Partitioning is a table design technique that significantly reduces resource consumption when queries join or aggregate rows. A partitioned table is stored in a number of separate pieces called partitions. Queries read and operate on individual partitions of the table one at a time instead of having to read and process the whole table at once, which reduces memory requirements and the likelihood of spilling. The reduction in memory requirements in turn enables more concurrency and better performance.

You set up the partitioning scheme for a table by declaring partition columns in the CREATE TABLE statement. You can partition on specific ranges of values, such as dates or numbers, or you can use a hash function to partition the data for you.

Partitioning is secondary to data distribution and does not change the distribution scheme defined in the CREATE TABLE statement.
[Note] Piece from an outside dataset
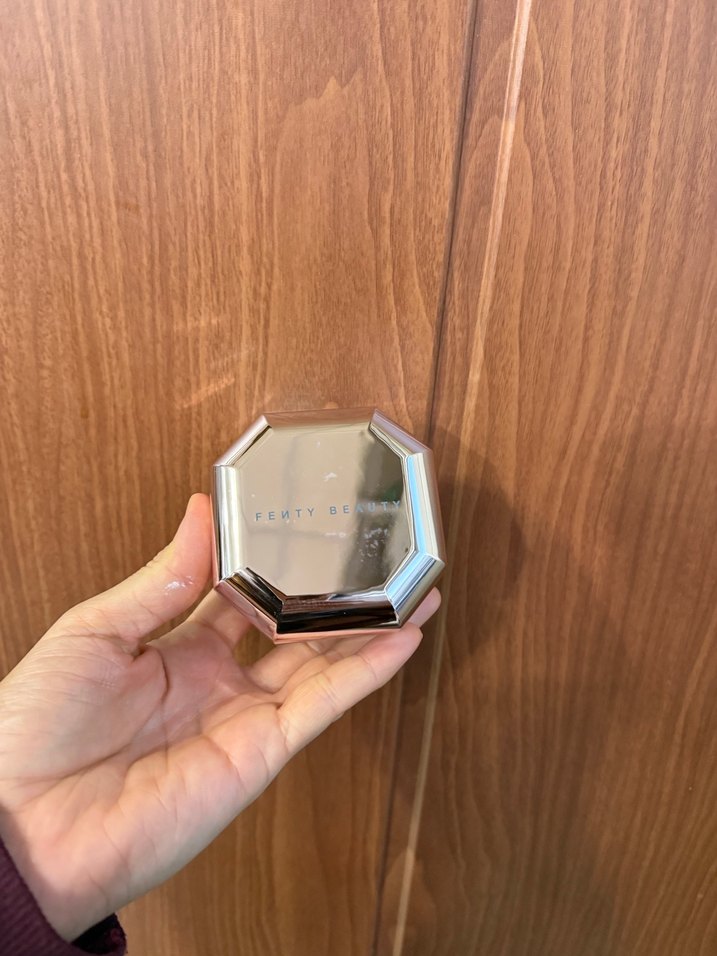 Fenty Beauty lavender pudra - Görsel 2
Partitions divide data within the worker node where data is already distributed.

For complete syntax and examples, see Partitioning Options.

To see how data is physically partitioned for a specific table that you have created and loaded, query the sys.table_partition view.
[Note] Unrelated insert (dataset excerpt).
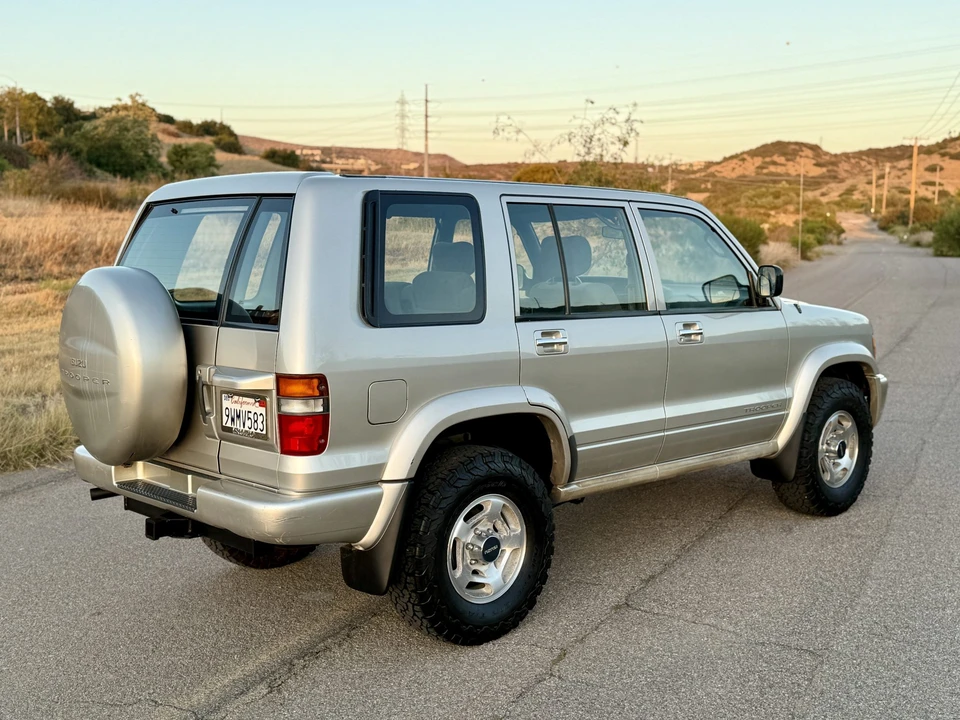 1998 Isuzu Trooper - Image 29 of 31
General Restrictions on Partitioning Tables

  • Up to four columns in a single table can be partitioned.
  • The number of partitions produced by a single specification must be no greater than 32767.
  • The product of the number of partitions produced by all specifications for the same table must be no greater than 250000. For example, the following table cannot be created:
    premdb=# create table hashtable(a int, b int) 
    partition by (hash(a with 3000 partitions), hash(b with 1000 partitions));
    ERROR:  the product of the number of partitions produced by all specifications results in 3000000 partitions, 250000 allowed
  • Replicated tables cannot be partitioned.
  • Partitioning schemes cannot be altered after a table is created. To change partitioning, you have to re-create the table.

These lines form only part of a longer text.